## Supplied data
-- Opening Marker --
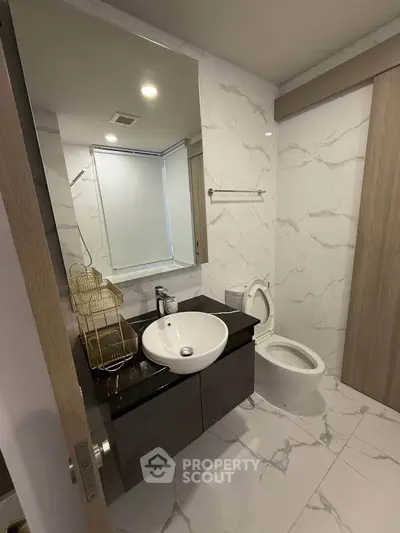Modern bathroom with sleek fixtures and marble tiles, featuring a stylish vanity and contemporary design.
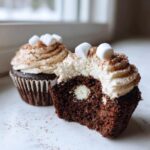 Close-up of a hot chocolate cupcake cut in half showing a white filling center, topped with cream frosting and mini marshmallows.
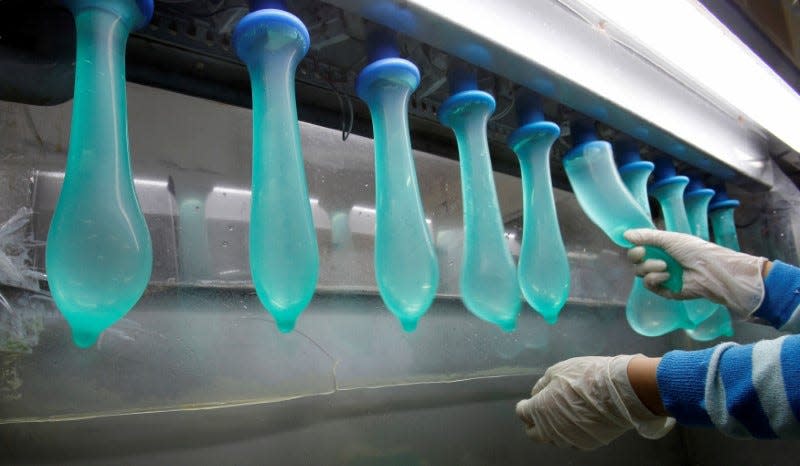 FILE PHOTO: A worker performs a test on condoms at Malaysia's Karex condom factory in Pontian, 320 km (200 miles) southeast of Kuala Lumpur November 7, 2012. Malaysia's Karex Industries is the world's largest condom maker by volume. Picture taken November 7, 2012. REUTERS/Bazuki Muhammad/File Photo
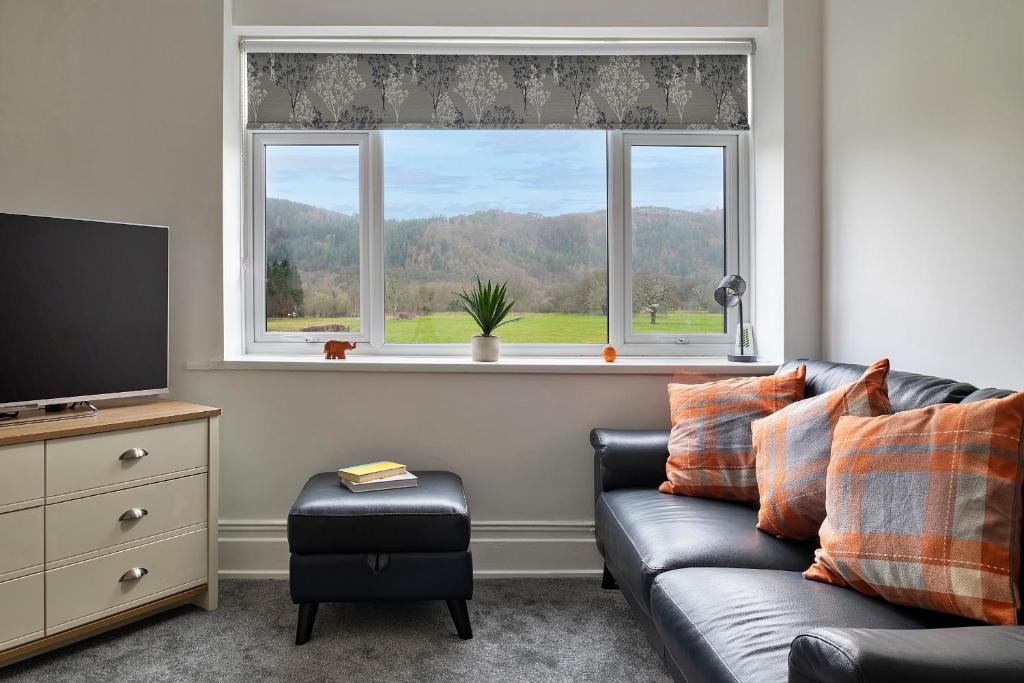a living room with a couch and a window at Finest Retreats - Smithfields in Llanrwst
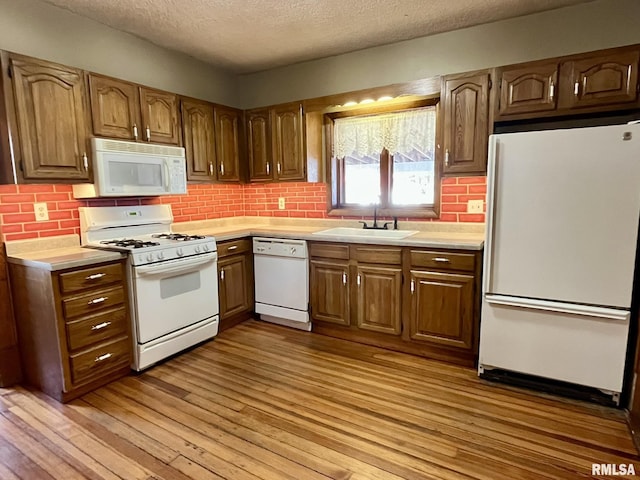 1812 E 1650th St, Paloma, IL 62359 - kitchen with light wood-type flooring, white appliances, sink, and tasteful backsplash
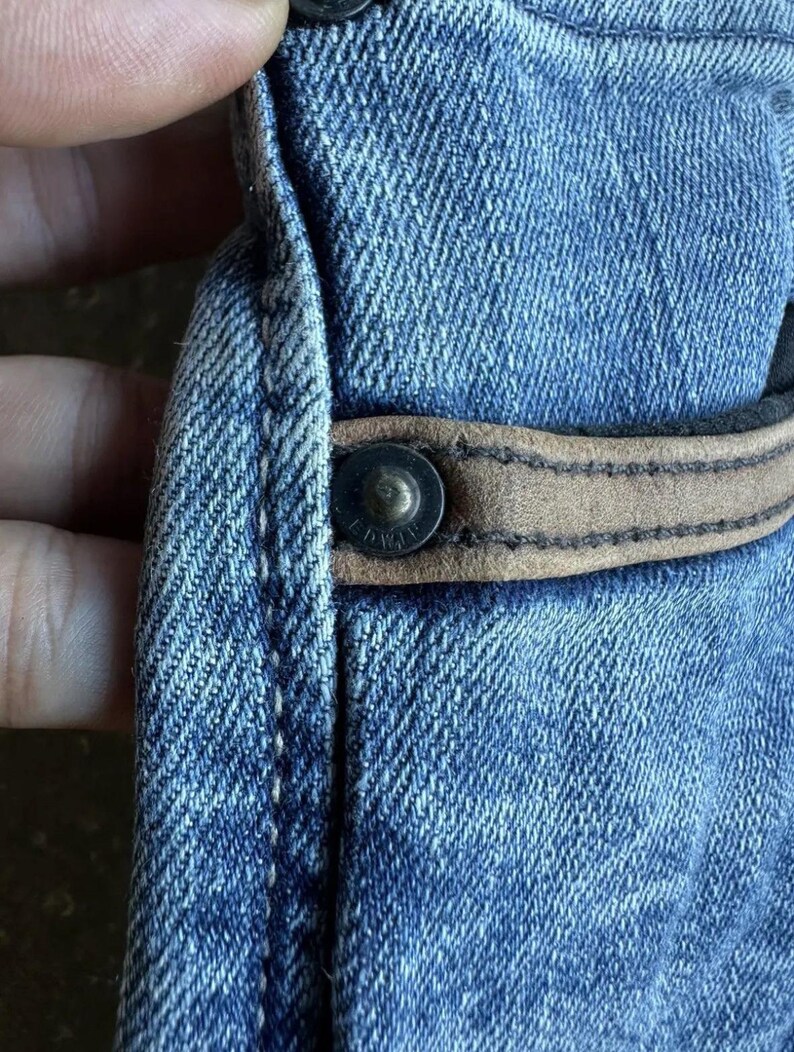 May include: Close-up of blue denim fabric with a brown leather accent and a metal button. The denim has a textured appearance, and the button is riveted to the fabric. The leather accent is stitched to the denim.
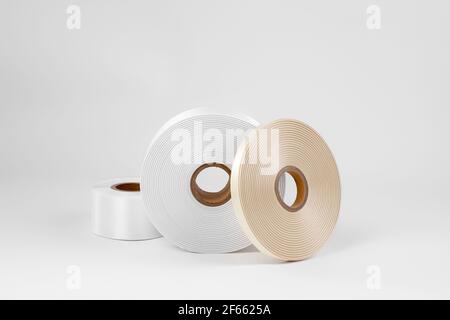 Set von drei Spulen Satinband auf der Seite für Etiketten oder DIY in weiß, beige, isoliert auf einem weißen, grauen Hintergrund Stockfoto
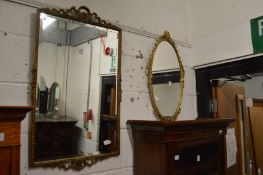 Two decorative gilt framed mirrors.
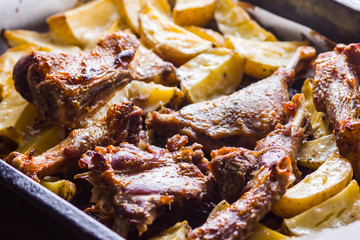 Baked meat with potatoes. Duck meat with golden crust on baking sheet. Cooked in oven dish on parchment. Golden sliced potatoes with chicken meat. Home kitchen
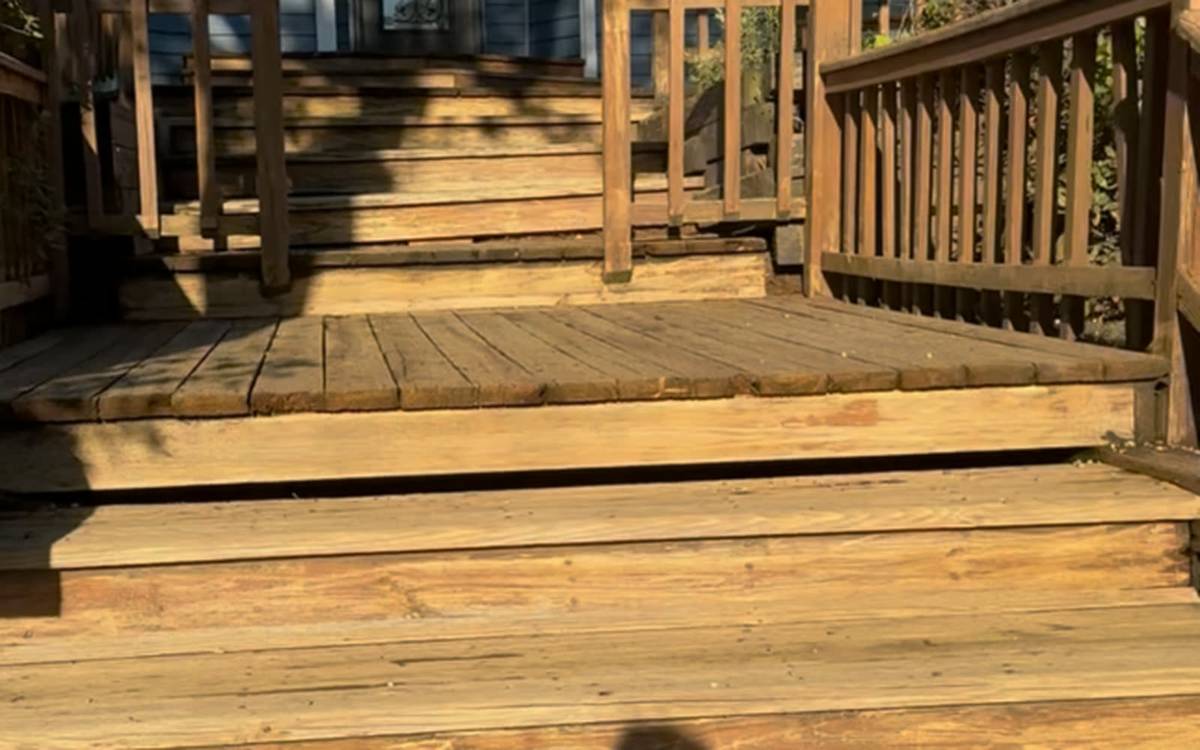 A freshly cleaned and stained backyard deck after a professional wash and seal by Hydro Bros Pro Wash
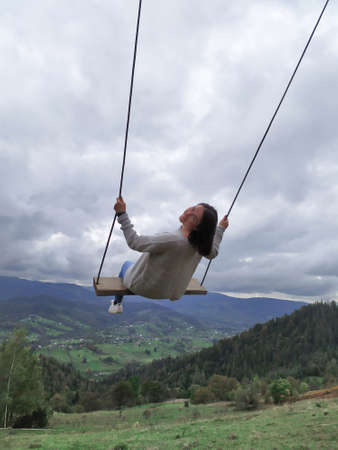 Back of girl with dark hair in a gray sweater sitting on a swing with the mountain view. Calm and...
-- Closing Marker --
## Activity
From the opening line of the listing above through the line bearing "Two decorative gilt framed mirrors.", repeat each line exactly. Drop every picture.

## Result for this exercise
Modern bathroom with sleek fixtures and marble tiles, featuring a stylish vanity and contemporary design.
 Close-up of a hot chocolate cupcake cut in half showing a white filling center, topped with cream frosting and mini marshmallows.
 FILE PHOTO: A worker performs a test on condoms at Malaysia's Karex condom factory in Pontian, 320 km (200 miles) southeast of Kuala Lumpur November 7, 2012. Malaysia's Karex Industries is the world's largest condom maker by volume. Picture taken November 7, 2012. REUTERS/Bazuki Muhammad/File Photo
a living room with a couch and a window at Finest Retreats - Smithfields in Llanrwst
 1812 E 1650th St, Paloma, IL 62359 - kitchen with light wood-type flooring, white appliances, sink, and tasteful backsplash
 May include: Close-up of blue denim fabric with a brown leather accent and a metal button. The denim has a textured appearance, and the button is riveted to the fabric. The leather accent is stitched to the denim.
 Set von drei Spulen Satinband auf der Seite für Etiketten oder DIY in weiß, beige, isoliert auf einem weißen, grauen Hintergrund Stockfoto
 Two decorative gilt framed mirrors.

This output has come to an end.